Background:
The Chest ,Steel, M5 D28243 was the replacement for the Chest, 49-1-82 (which was the spare parts chest for the 1917). The M5 chest was used to carry the spare parts, tools and accessories for the 1919 series machine guns. While this item is not seen in many wartime photos, it is listed in numerous manuals and SNL (Standard Nomenclature Lists, aka spare parts catalogs). It is one of those handy accessories to have an authentic way of organizing all the spare 1919 parts that you should have.
As far as what went in the chest, there is a bit more research to pin it down exactly. The various manuals and SNL's referenced above give somewhat conflicting info, or are unclear as to what actually goes in the chest. Hopefully we'll get around to detailing what all goes in there in a future article.
Long story short, I picked up a M5 Steel Chest with its tray and keys off eBay for around $20. It was in rough shaped when I got it, so it looked like the perfect chest for a restoration.
This project may seem mundane, or simple... golly gee... sandblast, repaint, stencil - but the key thing here is the art for the stencil as well as some tips and tricks in applying the stencil. Put it all together, and some simple mundane things can produce really nice results.
Before:
Here are the photos of what I started out with.
Stencil Art:
Here's what I gave to Chris to work with and one of the finished vinyl cuts
Here's the artwork PDF.
Restoration:
After a trip through the sandblaster and a fresh coat of OD paint the box was ready for the crowning feature which is the stamping on the sides. If the handle on your chest is roached, very similar handles can be found from most shoe repair shops, or most any antique trunk restoration supply store. When in doubt, google-fu!
Not having the best results in the past with cutting stencils from paper and gluing them on with stencil adhesive, I was thrilled when Chris offered to let me try out some of his new vinyl cut stencils. After working out a stencil off the original photo and a trace the results were excellent .
Make sure you peel of the vinyl carefully so that the small parts for the letters don’t rip off. I found that is works best to peel around the edges and work your way to the middle, rather than from one side to the other.
Make sure that you work out all the ripples or bubbles, like seen in the letter “H” below.
Now you because the lettering was originally stamped on instead of a stencil, you get left with centers of the letter still on the paper. The best way that I found to get them out was with a razor blade and then place them where they needed to go with a pair of tweezers.
After you have the stencil on you should double check that there are no bubbles near the letters that may cause the paint to leak. I recommend using a piece of wood, or the round ball end of a screwdriver to go over the surface to make sure you have a really good seal.
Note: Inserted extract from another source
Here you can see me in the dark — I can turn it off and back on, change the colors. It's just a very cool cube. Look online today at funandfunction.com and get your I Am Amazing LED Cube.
From here, you are then ready to mask and paint.
An alternate method to applying the stencil / vinyl cut is to cover the entire piece of vinyl in blue masking tape. THEN remove the backing from the vinyl, position and place on the workpiece. Rub the piece down very well to get good adhesion, then remove the blue tape carefully, leaving all the vinyl in place. Follow up by removing the letters with a razor blade.
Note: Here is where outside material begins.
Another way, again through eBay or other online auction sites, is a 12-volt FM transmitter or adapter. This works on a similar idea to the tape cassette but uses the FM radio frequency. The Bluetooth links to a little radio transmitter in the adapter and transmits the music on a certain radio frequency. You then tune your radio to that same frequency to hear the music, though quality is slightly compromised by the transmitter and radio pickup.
I use regular flat black spray paint, and went over in with two very light coats. On one side I piled off the stencil pretty much right after I sprayed it, and on the other after the paint dried and found that it came out with the same results either way. Both times I was not able to save the stencil to reuse it because it ripped between the letters were it is thin. But hey, they are cheap and come out with great results or who cares.